Who gets the pictures?

I wake up at night with the strangest thoughts running through my head.  Who gets the family photo albums?  Who gets the art and sentimental things we bought together?  Do they just get packed away?  Do the kids take them?  Do you want them?  Since we don’t talk, I don’t have those answers.  Well to be clear, I talk, and you do not respond.  And even I have stopped talking.  Doesn’t mean I stopped caring, doesn’t mean I’m not hurting or needing to talk.  I just can’t take another “I don’t know” as an answer.  Or another blank stare either at me or the ground.  Why can’t you look at me? Why can’t you tell me what is in your head?  If I ask you, the response I get will be either I don’t know or nothing.  We are at a point where the end of a 35+ year relationship and a 30 (almost 31) year marriage is looming over our heads.  And you are thinking of nothing?  Not a fucking thing?  You are okay with one of us just walking out the door and never looking back?  Wow.  

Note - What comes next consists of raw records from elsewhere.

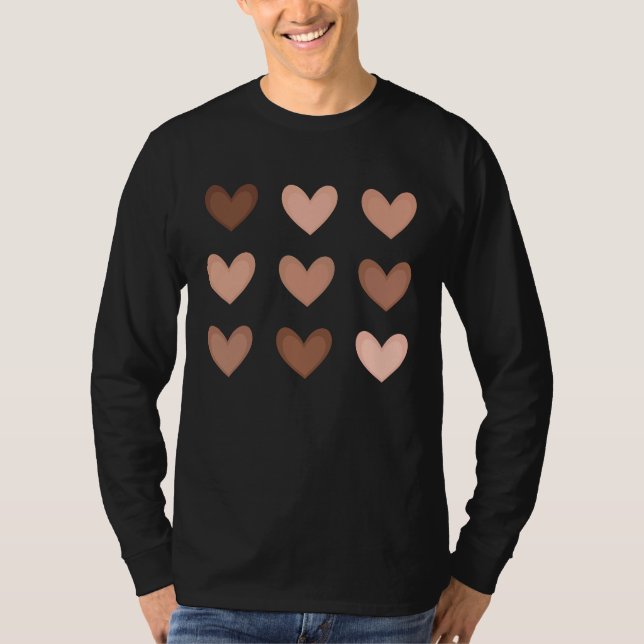 T-shirt Beauty Has No Skin Tone Melanin Diversity Hearts (Devant)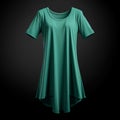 Green Skirted Shirt: Realistic, Detailed, And Elegant Teal Dress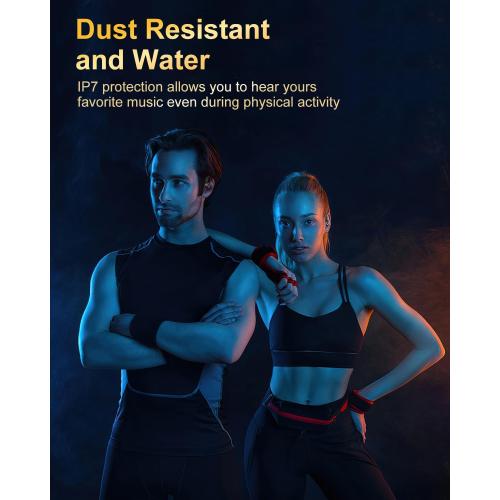 Wireless Earbuds, Bluetooth 5.4 Headphones Sport, Over Ear Buds With ENC Noise Cancelling Mic, 48H, Wireless Earphone With Earhooks, Stereo Deep Bass, IP7 Waterproof ear bud for Workout Running, Black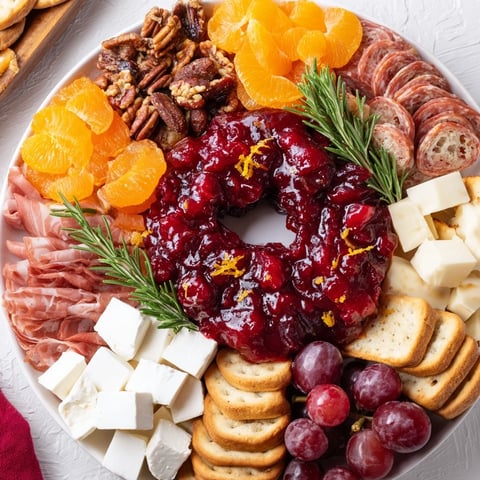 A vibrant Cranberry Wreath Platter overflows with cheese, meats, crackers, and sparkling cranberry sauce.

I guess it goes back to control.  You control our communication by not communicating.  You control your emotions by not touching me.  I’m sad, lonely, depressed – are you?  Are you waiting?  Waiting for me to break?  Waiting for me to make it all better, again?  For the 100th time in our relationship.  Waiting for me to accept, again, you not communicating with me?  Waiting for things to go back to “normal”?  I can’t do it again.  I can’t.  I won’t.  Or will I?  Do I have the strength to end the cycle?  Do I have the strength to destroy a family?  Do I have the strength to be selfish?  Is it being selfish?  Fuck.  

Who has the step-by-step book on how to end a marriage successfully and painlessly? In my dreams, right? There is no such thing.

So, I ask, again, who gets the pictures?

1 Comment

  1. I can feel the pain in your post, it’s very raw and vulnerable. I’ve been through a divorce, to me it’s almost like grieving a death. Only the other person is still alive.